__SOURCE DATA__.
----
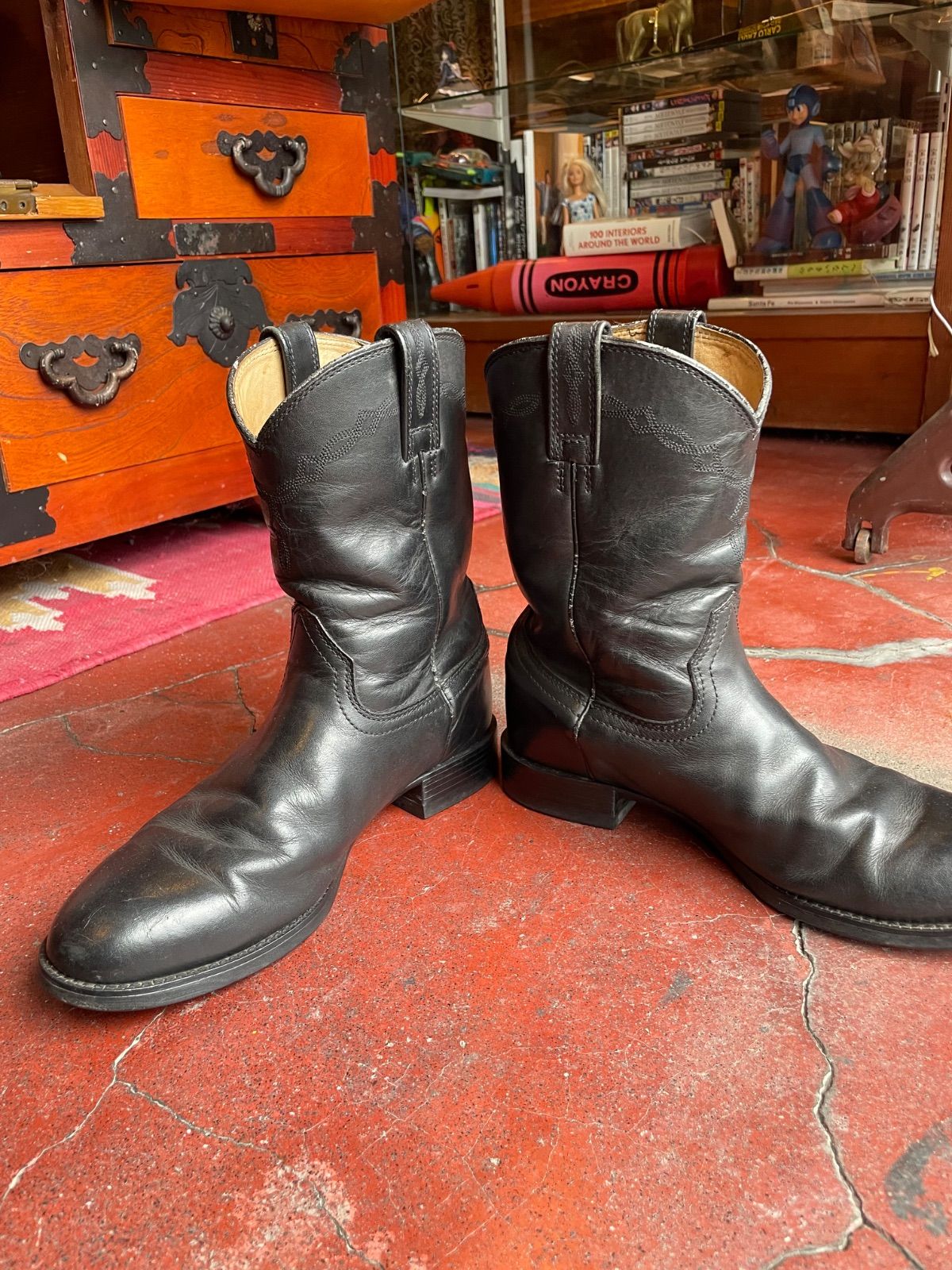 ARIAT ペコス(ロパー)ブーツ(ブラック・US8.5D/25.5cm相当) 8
----
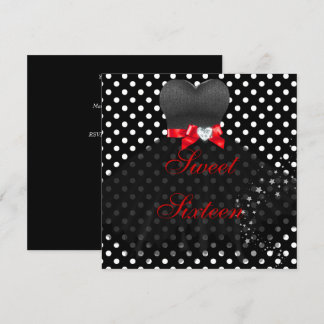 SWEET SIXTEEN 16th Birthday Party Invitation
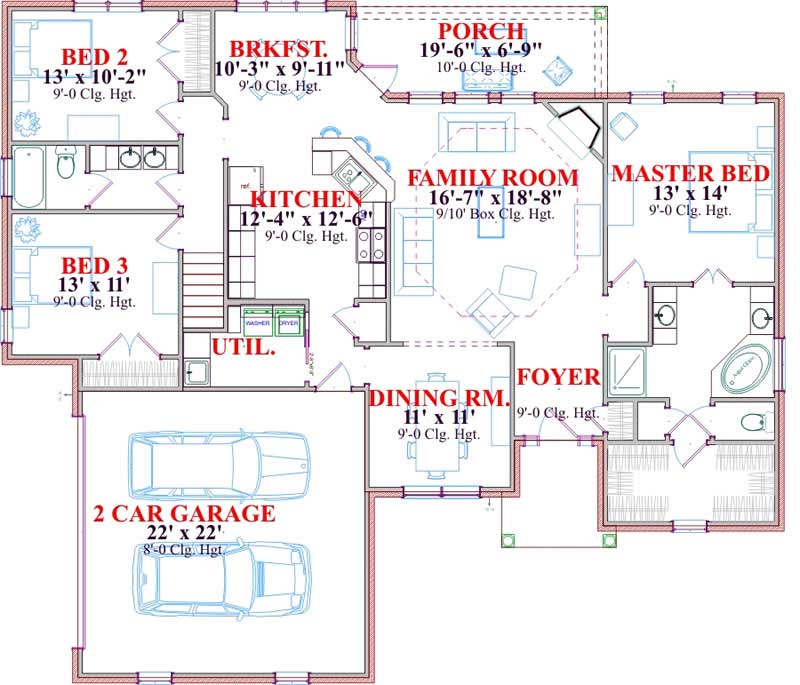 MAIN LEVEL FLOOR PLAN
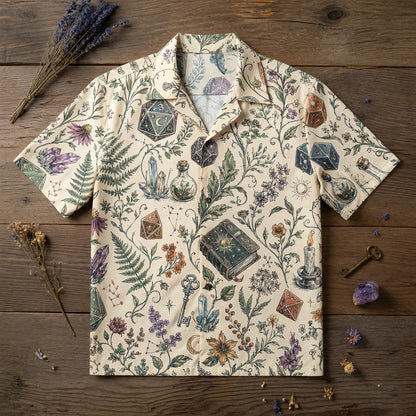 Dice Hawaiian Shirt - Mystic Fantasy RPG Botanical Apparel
----
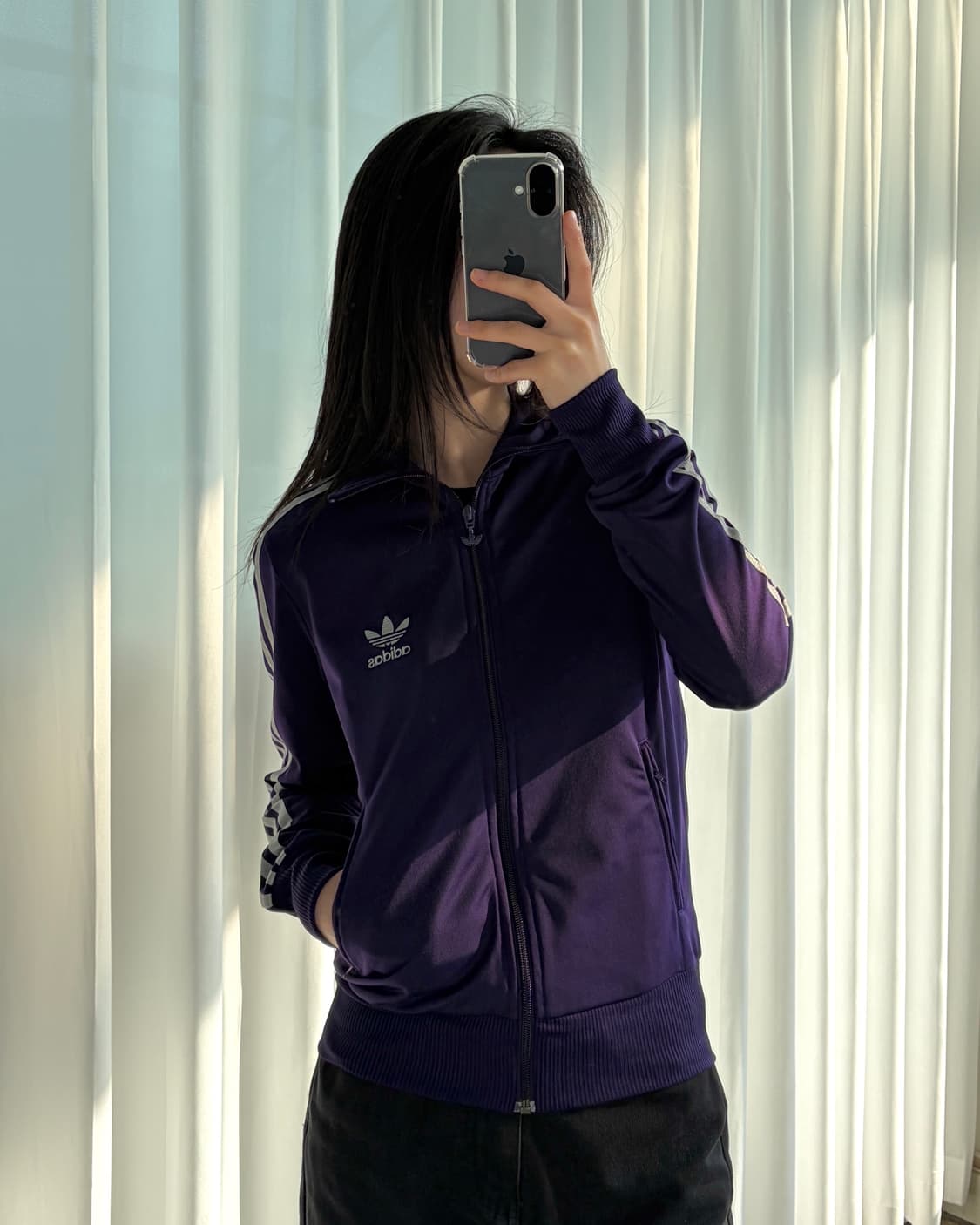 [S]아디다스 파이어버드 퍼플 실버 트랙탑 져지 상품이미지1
----
__EXERCISE REQUIREMENTS__. Within the data above, repeat exactly the lines from the one bearing "MAIN LEVEL FLOOR PLAN" through the one bearing "Dice Hawaiian Shirt". Include no pictures and nothing else.

__YOUR RESPONSE__.
 MAIN LEVEL FLOOR PLAN
 Dice Hawaiian Shirt - Mystic Fantasy RPG Botanical Apparel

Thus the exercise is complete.